NY City Council to vote on diesel school bus bill today
Every day, more than 7,000 large and small school buses take thousands of students to and from school. Unfortunately, their free trip to school usually includes a heavy dose of diesel soot pollution-pollution that has been shown to trigger asthma emergencies in dozens of studies from all around the world.
Much of this pollution leaks from the crankcase under the children into the cabin where they sit.
In 2001, my NRDC colleagues in California showed that students in California school buses were exposed to 4-6 times as much toxic soot pollution as passengers in adjacent cars, thanks to the open crankcase systems found on older buses. (The same buses are used here in New York).
Since then, many public health and environmental professionals have replicated this research and found similar results.
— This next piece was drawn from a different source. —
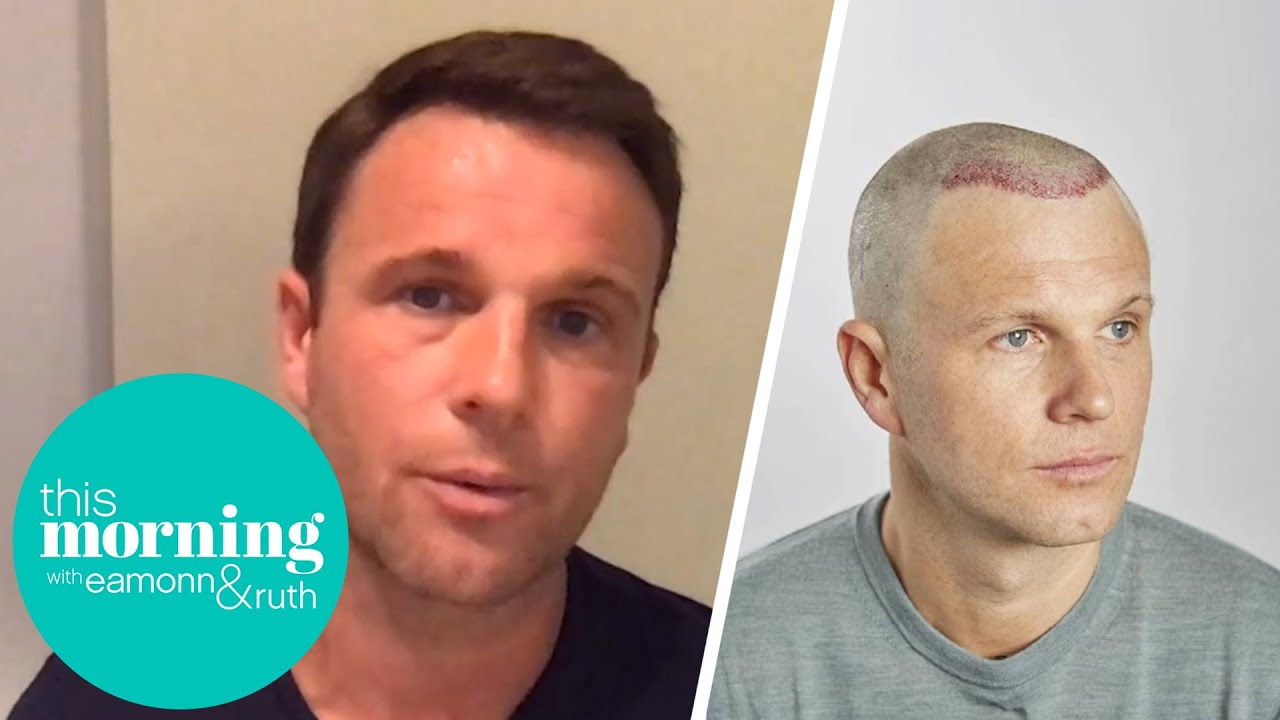 I’ve Spent £40,000 On Fixing My Botched Hair Transplant And Now I’m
Equally important, effective crankcase filters have entered the market place to solve the problem.
Later today, the City Council will vote on a bill that will require all of the City's school buses to be retrofit with crankcase filters to protect the children on the bus. It will also require all buses to be retired after sixteen years of service, effectively eliminating the oldest, dirtiest buses from our streets and replacing them with buses that meet the most stringent emissions standards in the world.
It's a smart step forward to help improve the health of our city's children.
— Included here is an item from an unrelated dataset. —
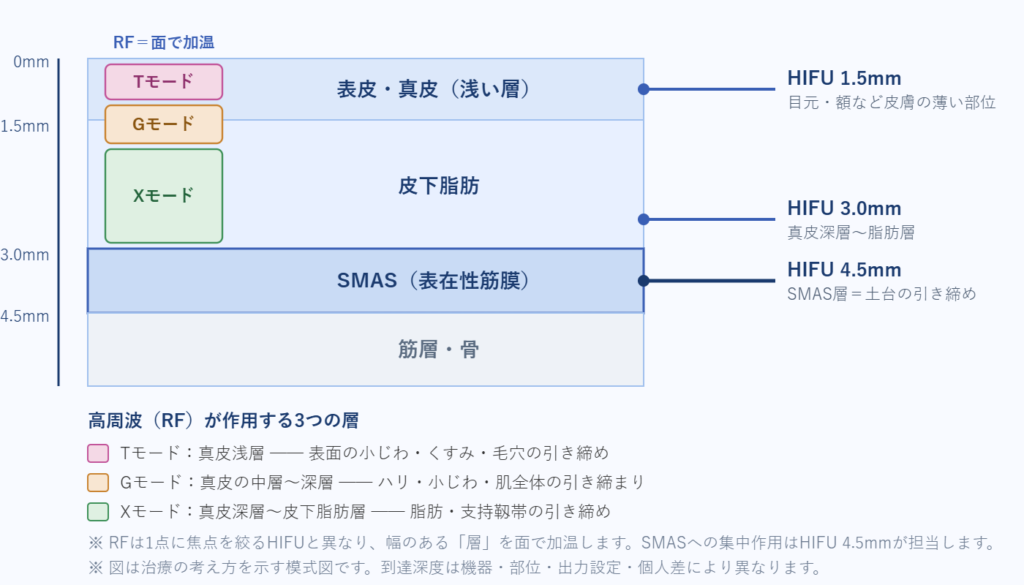 HIFUの1.5・3.0・4.5mmと、高周波RFのTモード(真皮浅層)・Gモード(真皮中〜深層)・Xモード(真皮深層〜皮下脂肪層)が作用する皮膚の層を示した図解|五良会クリニック白金高輪2F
This bill is the latest step in a series of groundbreaking laws and programs that have dramatically reduced diesel pollution in the City and around the country.
And, it's a step that reaches back directly to the summer of 1995.
That summer, NRDC's Dump Dirty Diesels Campaign successfully sued for the right to launch an ad campaign on the backs of NYC Transit buses that read, "Standing behind this bus could be more dangerous than standing in front of it."
The MTA story has been told many times before, but it bears repeating: Just as we had to take lead out of gasoline to enable the use of catalytic converters that would make cars dramatically cleaner, we had to take sulfur out of diesel fuel to enable the use of effective pollution-cutting technologies that would clean up our dirty diesel buses and trucks.
Back then, this was an untested approach. There was no such thing as a clean diesel bus, so most advocacy was directed to replacing diesels with clean, but extremely costly alternative fuels like natural gas.
Ultra-low sulfur diesel fuel (the diesel equivalent of unleaded gasoline) did not exist in the commercial market yet, and nobody knew whether the new catalysts and filters would work effectively in the rough-and-tumble of 24/7 transit service in New York City.
But Governor Pataki and the MTA worked closely with NRDC to create the clean-fuel bus program that would test this approach (while also investing in natural gas in case the diesel components didn't work as planned).
The program worked - and it has become the model for clean fleets in the City, including this soon-to-be-passed school bus bill.
(An important aside: When the NYC Transit buses showed that the combination of ultra-low sulfur diesel fuel and effective soot filters would reduce particulate pollution by more than 90 percent in real-world transit service, it helped lay the technical foundation for EPA's regulatory program that now requires ultra-low sulfur diesel fuel for all trucks and buses, as well as requires soot filters on every new truck and bus engine built since 2007.)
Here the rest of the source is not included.